▸ WORK TASK
Take the lines below between the one holding "Diversidad y Currículo" and the one holding "Luxe Living 3BR", inclusive, and copy them exactly. Add nothing.

▸ MATERIAL FOR THE TASK

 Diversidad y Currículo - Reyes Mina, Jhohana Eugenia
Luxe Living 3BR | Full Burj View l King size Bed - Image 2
==
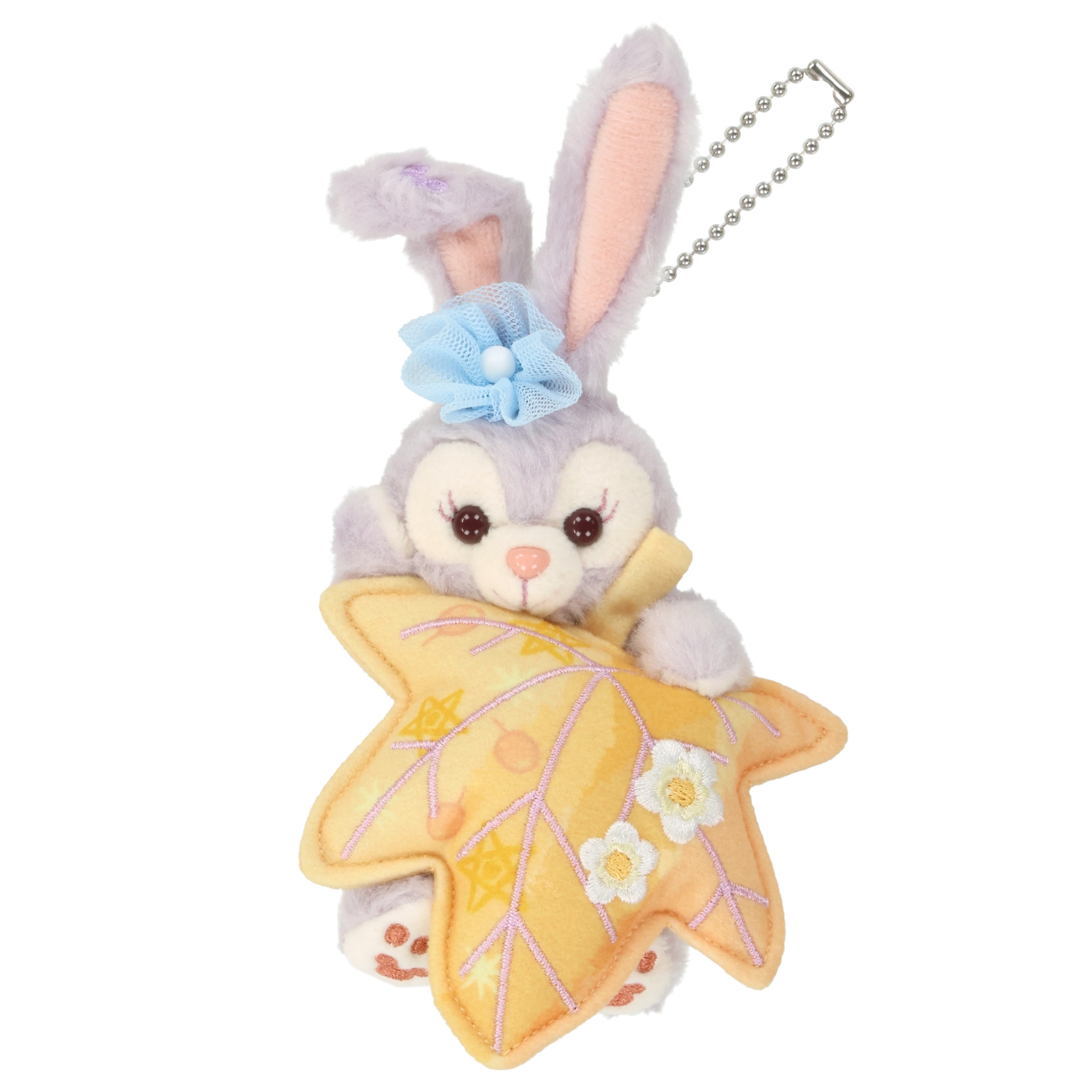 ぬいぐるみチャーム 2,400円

▸ TASK SOLUTION
 Diversidad y Currículo - Reyes Mina, Jhohana Eugenia
Luxe Living 3BR | Full Burj View l King size Bed - Image 2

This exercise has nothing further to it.